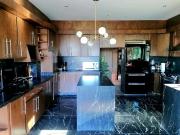 RESIDENCIA EN FRACC. LAS CAÑADAS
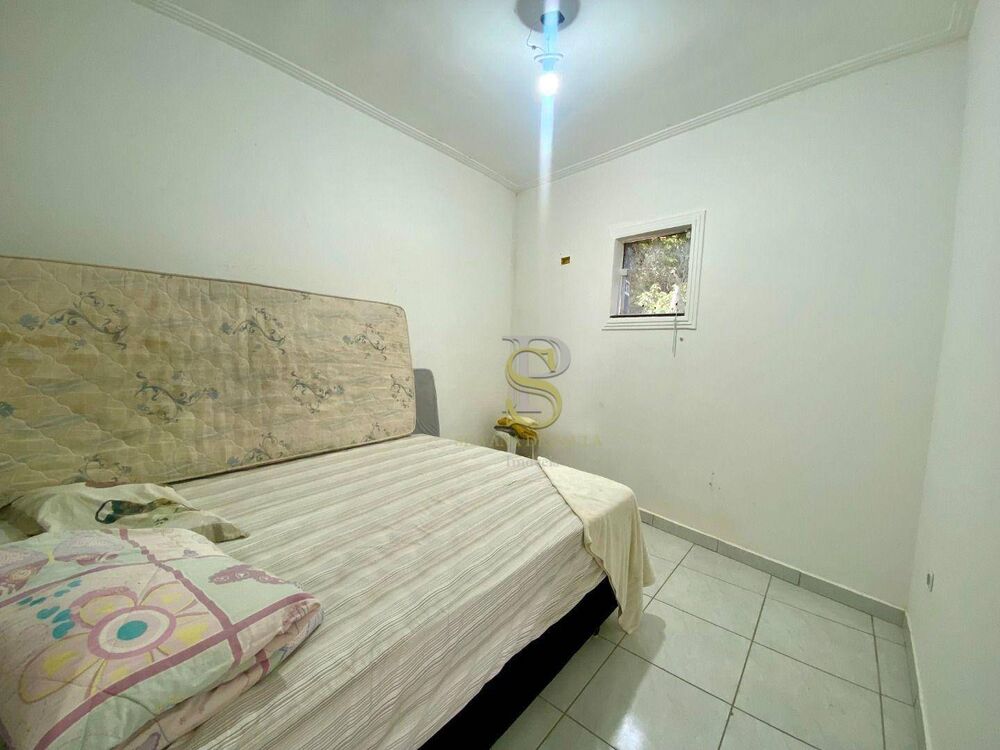Chácara, 2 quartos, 1374 m² - Foto 16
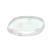 W7 Silicone Pebble Make Up Face Blender (24pcs)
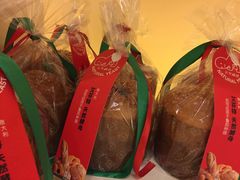 -TOUCH泰奇(南汇南门大街店)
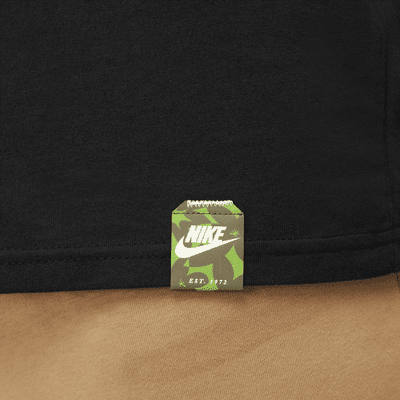 Nike Sportswear Max90 T-Shirt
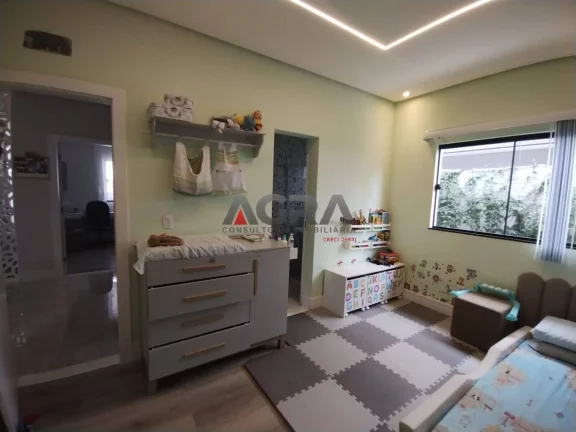 Imagem Casa Duplex 4 Quartos a venda no Boa Vista - Vitoria da Conquista
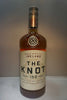 THE KNOT WHISKEY IRISH 100PF 750ML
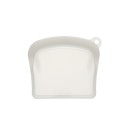 Σακούλα Τροφίμων Platinum Silicone Sand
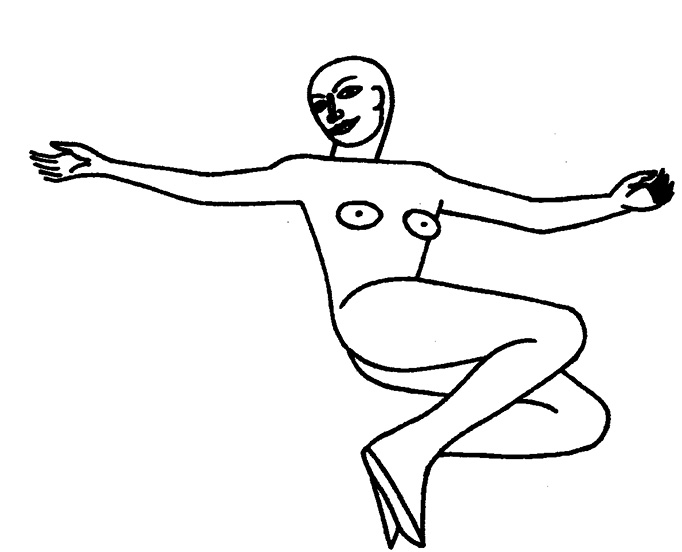 065_2_Luna_Yoga.tif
- - - - - - -
▶ **Task directions**
Transcribe the entries from their first line to the line that holds "THE KNOT WHISKEY IRISH 100PF 750ML", both included, and skip every picture.

▶ **The completed task**
 RESIDENCIA EN FRACC. LAS CAÑADAS
Chácara, 2 quartos, 1374 m² - Foto 16
 W7 Silicone Pebble Make Up Face Blender (24pcs)
 -TOUCH泰奇(南汇南门大街店)
 Nike Sportswear Max90 T-Shirt
 Imagem Casa Duplex 4 Quartos a venda no Boa Vista - Vitoria da Conquista
 THE KNOT WHISKEY IRISH 100PF 750ML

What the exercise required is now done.